Chest. 2007 Jun;131(6):1857-64. Epub 2007 Mar 30., [PMID:17400678]
Abstract [show]
BACKGROUND: Airway nitric oxide (NO) is low or normal in cystic fibrosis (CF) patients. This may affect bacterial status since NO has antimicrobial properties. Arachidonic acid (AA), which is increased in the serum and airways of CF patients, has been shown to reduce NO levels. The aim of this study was to investigate whether airway NO level correlates with genotype and pancreatic function, and whether low airway NO level is associated with bacterial infection and increased serum AA level in CF patients. METHOD: Nasal NO (nNO) and exhaled NO (eNO) were measured according to the European Respiratory Society/American Thoracic Society standard in 59 CF patients aged 7 to 55 years, 80% of whom were pancreatic insufficient (PI) and 51% were chronically infected with Pseudomonas aeruginosa.
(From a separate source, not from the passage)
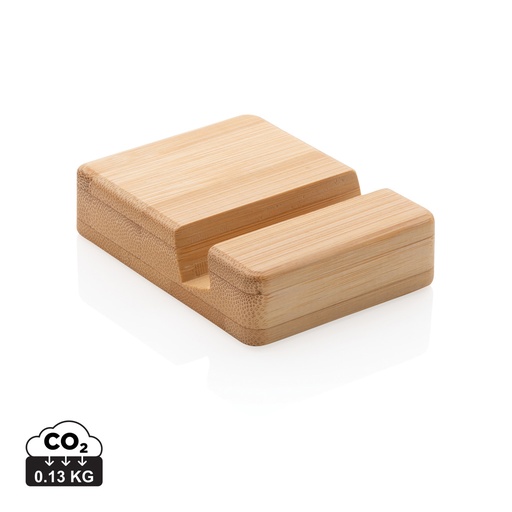 [P301.359] Bamboo phone stand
RESULTS: PI CF patients had significantly lower nNO levels than pancreatic-sufficient (PS) patients. Airway NO level did not correlate with lung function or inflammatory parameters. PI patients chronically infected with P aeruginosa had significantly lower nNO levels than noninfected PI patients. nNO level correlated inversely with the AA/docosahexaenoic acid ratio, and eNO with the essential fatty acid (FA) deficiency index, which is the ratio between mead acid and AA. CONCLUSIONS: CF patients with PI, which is associated with more severe genotypes, had lower airway NO levels than patients with PS. Low NO level was correlated to chronic P aeruginosa infection, and an association was found between airway NO level and the abnormal serum phospholipid FA pattern.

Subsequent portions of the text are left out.